En examinant de près la manière dont Palantir mobilise le concept d’« ontologie », on mesure combien un terme peut cristalliser les promesses et les périls de la transformation numérique de nos organisations. Pour Palantir, l’ontologie est à la fois un atout technologique (un modèle unifié de données et d’actions sans équivalent sur le marché, selon l’entreprise) et un levier narratif puissant (faire miroiter une compréhension totale, quasi philosophique, du réel organisationnel). Cette double nature – technique et rhétorique – explique son rôle central dans la stratégie de marque de Palantir. L’entreprise a réussi à imposer cette notion dans le débat, au point que ses concurrents et partenaires sont amenés à discuter de “leur ontologie” ou de la nécessité d’une telle couche sémantique, validant ainsi l’intuition initiale de Palantir.
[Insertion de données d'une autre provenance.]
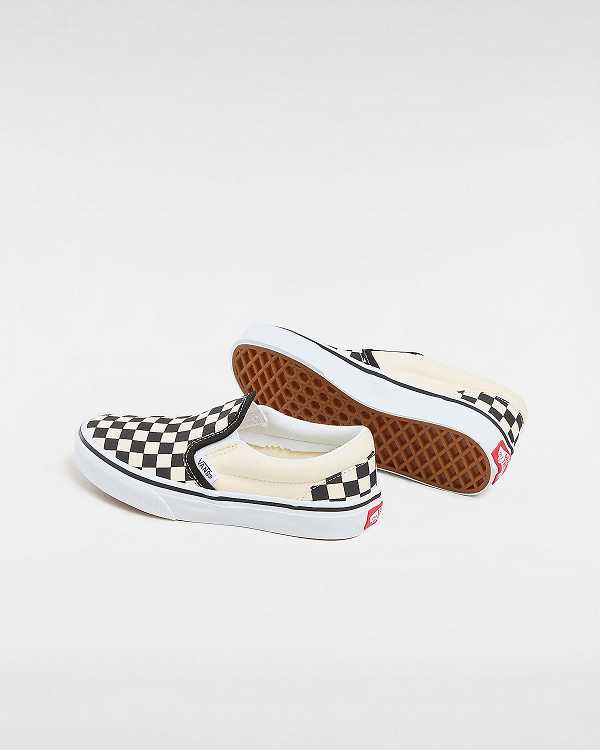 Sapatos Slip On Vans Checkerboard Classic (4-8 years) Criança Pretas Branco | VN3608475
Cependant, l’analyse critique révèle l’envers du décor. Ce qui est présenté comme un outil de *« compréhension pure »* et de maîtrise absolue peut aussi être lu comme un instrument de contrôle absolu. En ontologisant une organisation, on la rend certes plus intelligible et efficiente, mais on la rend aussi potentiellement plus inflexible, plus déshumanisée, et on déplace le pouvoir vers ceux qui définissent l’ontologie. Les clients de Palantir doivent garder à l’esprit que formaliser, c’est choisir : les catégories de l’ontologie ne tomberont pas du ciel platonicien des Idées pures, elles seront le produit de décisions bien terrestres, avec des biais, des angles morts et des effets politiques. Une « ontologie d’entreprise » peut devenir une idéologie d’entreprise inscrite dans le code, pour le meilleur et pour le pire.
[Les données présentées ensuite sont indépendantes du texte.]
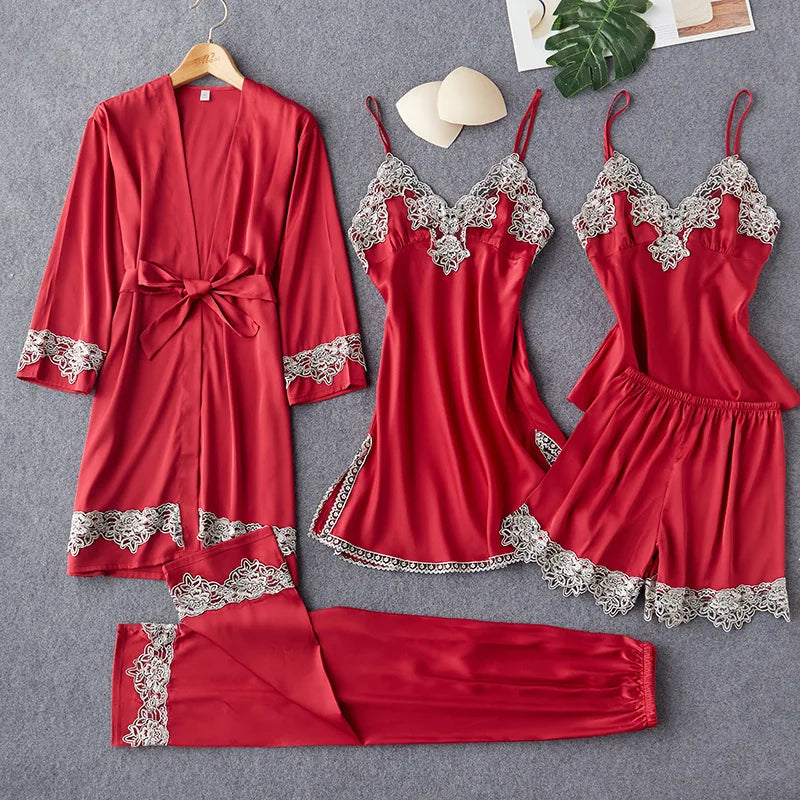 5 Piece Pajamas Set Women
Socialement et politiquement, l’essor de ces ontologies intégrales s’inscrit dans une tendance plus large de notre époque : la foi dans la gouvernance par les données. Cette foi n’est pas sans rappeler les utopies technocratiques du XXᵉ siècle, revigorées par les capacités nouvelles du numérique. Mais comme l’indiquent les critiques contemporaines – de la gouvernementalité algorithmique selon Rouvroy à la dénonciation d’une couche ontologique du fascisme selon Toscano –, nous devons interroger les valeurs et les finalités qui se cachent derrière l’apparente neutralité de la technologie. L’ontologie de Palantir promet *« la réalité, pas la rhétorique »*, or il apparaît que cette réalité-là est construite selon une certaine rhétorique du pouvoir technologique.
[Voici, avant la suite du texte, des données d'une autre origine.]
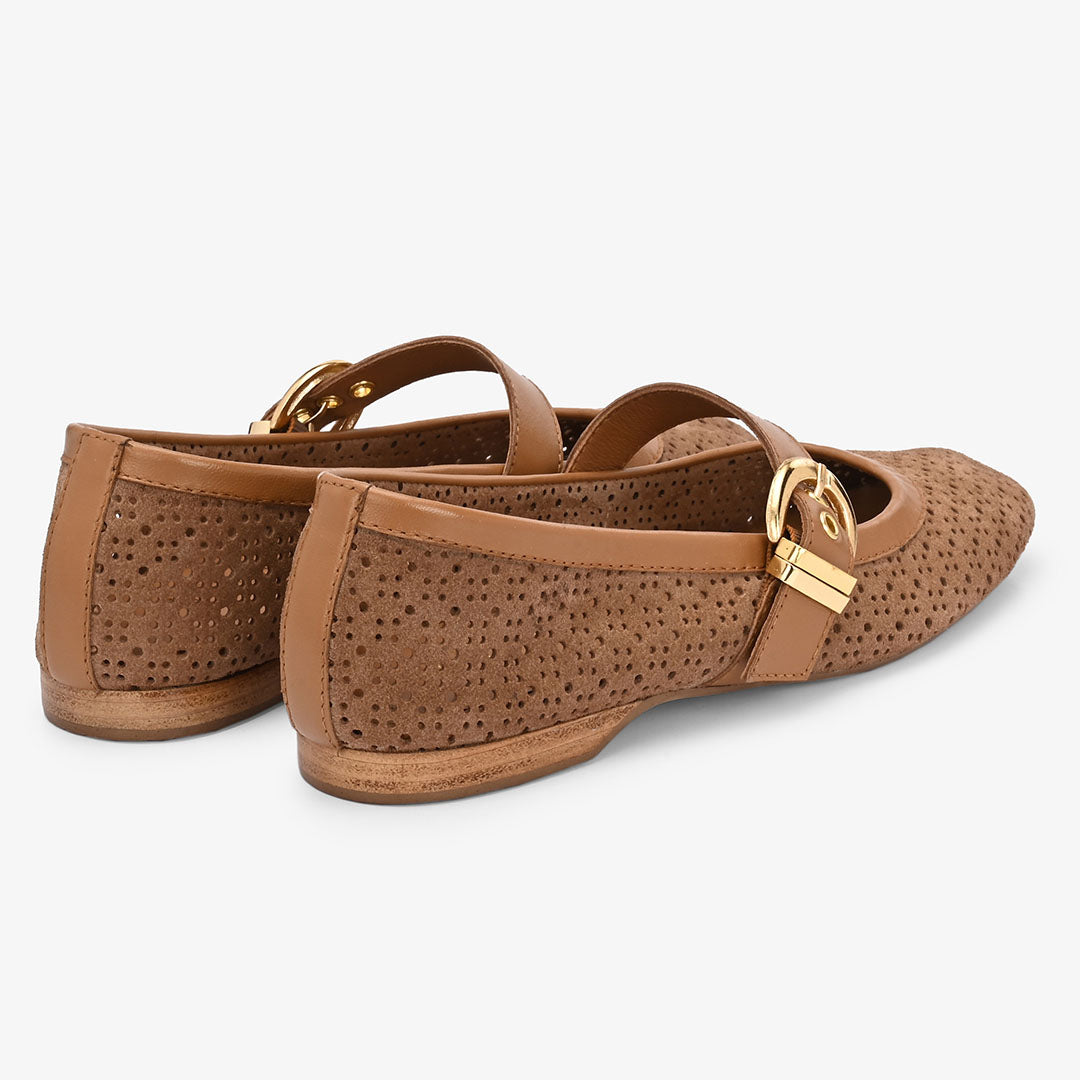 Juno Leather Strapy Ballerina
Pour conclure, il ne s’agit pas de diaboliser l’innovation que représente l’ontologie Palantir – celle-ci apporte indéniablement des avancées en matière de coordination de l’information et peut, si elle est bien utilisée, aider à résoudre des problèmes complexes plus rapidement. Il s’agit plutôt d’appeler à une lucidité critique : qui contrôle l’ontologie contrôle en grande partie la narrative et les décisions d’une organisation. Les décideurs et citoyens devraient exiger de la transparence sur ces modèles, une redevabilité des algorithmes, et conserver des espaces de jugement humain non réductibles à ce qu’une base de données, si sophistiquée soit-elle, peut capter. Comme l’écrivait C. S. Lewis, les « hommes sans poitrine » – ces gestionnaires purement technocratiques dépourvus de boussole morale – *« promettent de nous guider vers l’avenir [mais] manquent cruellement de substance »*. Veillons à ne pas confier aveuglément notre avenir collectif à des ontologies numériques sans y inscrire d’abord, en toutes lettres, les valeurs humaines que nous refusons de voir abolies.
Sources citées : Palantir (documents techniques, lettres aux actionnaires) ; Analyses critiques (Le Grand Continent, Contretemps…) ; Publications académiques et philosophiques sur l’IA et la gouvernance.